Le plus important est cet appel de détresse lancé par les Libanais du Sud, surtout les chrétiens : « Dites à notre Etat de marquer sa présence le plus vite possible. Nous voulons voir l’armée libanaise patrouiller ici. Dites au Monde que nous avons faim et soif, nous n’avons ni eau ni électricité ni hôpitaux ni écoles ni travail. C’est une honte pour l’humanité ! »

19 heures, nous sommes à Tyr, ville pas très recommandable il y’a seulement 24 jours puisqu’elle était le dernier coin libre du Liban, le front donc ! Maintenant Tyr est loin de l’ennemi par rapport aux villages que nous venons de visiter et qui sont à une « enjambée » des israéliens.

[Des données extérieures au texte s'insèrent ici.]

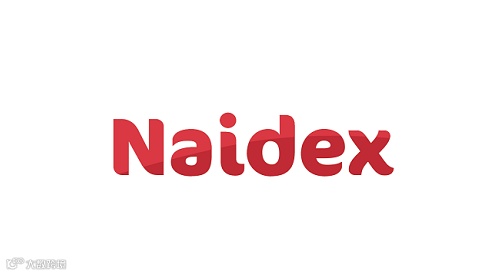 2026年英国伯明翰国际医疗保健复健展览会 Naidex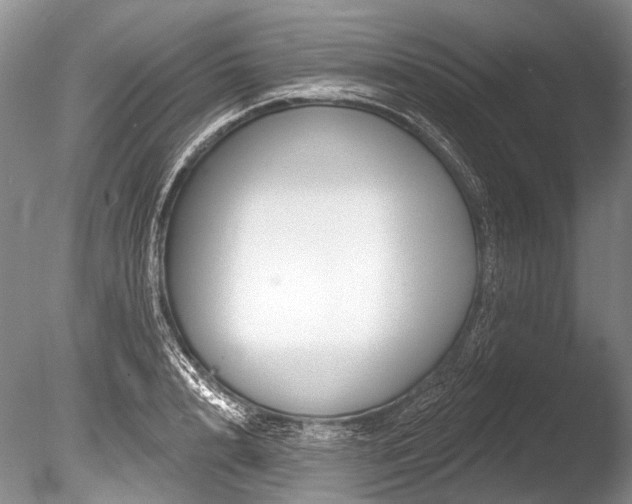 X0000086320848200703301216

Il fait très beau à Tyr, on lézarde encore sur la plage surpeuplée ou bien on fait son jogging sur l’immense corniche construite par Bahia Hariri, députée pour la ville de Saida (Sidon) et sœur de l’ancien Premier ministre, le richissime Rafik Hariri. Pour construire cette corniche il a fallu grignoter une partie de la plage déjà assez étroite. J’en fais la remarque, mon collègue se contente de hausser les épaules et le chauffeur se met à rire en me faisant remarquer que : « La corniche est si belle… » Les entorses faites à l’environnement au Liban sont nombreuses mais la question ne semble pas prioritaire pour les Libanais qui vivent des problèmes autrement plus graves.

Les voitures rutilantes des touristes des pays du Golf roulent à tombeau ouvert sur la nouvelle autoroute toute pimpante construite par Rafik Hariri, elles se dirigent vers Beyrouth après le pèlerinage du sud. Sur la voie opposée un embouteillage d’enfer et des klaxons assourdissants typiquement libanais. L’armée, oui enfin elle est là, fait la sourde oreille. L’embouteillage est une spécificité libanaise à toute heure du jour et de la nuit. Les routes sont trop étroites, le transport en commun est quasi-inexistant et les Libanais sortent beaucoup !

De luxueuses villas d’immigrés surplombent la route encombrée de toutes sortes d’échoppes et de restaurants. Et la vie continue ainsi, clean et voluptueuse jusqu’au point culminant du luxe-tape-à-l’œil et insultant du fameux quartier de Ramlet El Baidha à Beyrouth où l’appartement se vend à un demi-milliard de nos millimes ( un demi-million de dollars). Et enfin au cœur de Beyrouth tout se calme.

Un silence à la fois apaisant et effrayant vous tombe dessus sans prévenir. C’est que tout le monde fait le pèlerinage du week-end au sud. On n’a cesse d’y revenir comme pour s’assurer que ce n’était pas un rêve.

« I have a dream », il y’a 22 ans, tout comme Martin Luther King.